Las premiadas, Érika Torregrosa, CEO de Diplocorp; Isabel Winkels Arce, vicedecana del Colegio de la Abogacía de Madrid; Pilar Llop, magistrada de la Audiencia Provincial de Madrid, exministra de Justicia y expresidenta del Senado; María Jesús del Barco, presidenta de los Tribunales de Instancia de Madrid; y Sonia Calaza, decana de la Facultad de Derecho de la UNED. Foto: Confilegal.

Cinco mujeres, cinco trayectorias: PROLAJ premia el Liderazgo Femenino en el mundo de la Justicia

18 / 03 / 2026 05:45

Actualizado el 18 / 03 / 2026 23:21

El Senado acogió el pasado lunes un acto inusual en el calendario jurídico español. La Asociación Profesional de Letrados de la Administración de Justicia (PROLAJ) entregó sus primeros Premios Liderazgo Femenino en la Justicia a cinco mujeres que, desde la judicatura, la abogacía, la universidad, la política y el mundo empresarial, han construido trayectorias que el propio escenario cargó de significado.
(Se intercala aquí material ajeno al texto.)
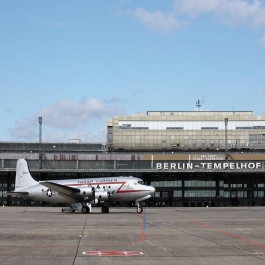Sanierung der Hangar, Flughafen Berlin-Tempelhof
Porque el Senado no era un telón de fondo neutro: en esa misma Cámara, hace casi cincuenta años, seis senadoras —entre ellas Juana Arce Molina, madre de una de las premiadas— inauguraron la democracia española.

Las galardonadas fueron Erika Torregrosa, CEO de Diplocorp; Sonia Calaza, decana de la Facultad de Derecho de la UNED; Isabel Winkels, vicedecana del Colegio de la Abogacía de Madrid; María Jesús del Barco, presidenta de los Tribunales de Instancia de Madrid; y Pilar Llop, magistrada, exministra de Justicia y expresidenta del Senado; y experta en derechos humanos.

La Cámara alta presentaba un lleno completo. Foto: Confilegal.
En la primera fila, las premiadas. En la segunda los responsables de las laudatios.

Un acto con sorpresa incorporada

Alejandro Asensio, presidente de PROLAJ, abrió el acto con un discurso que pivotó sobre la diferencia entre admirar y envidiar.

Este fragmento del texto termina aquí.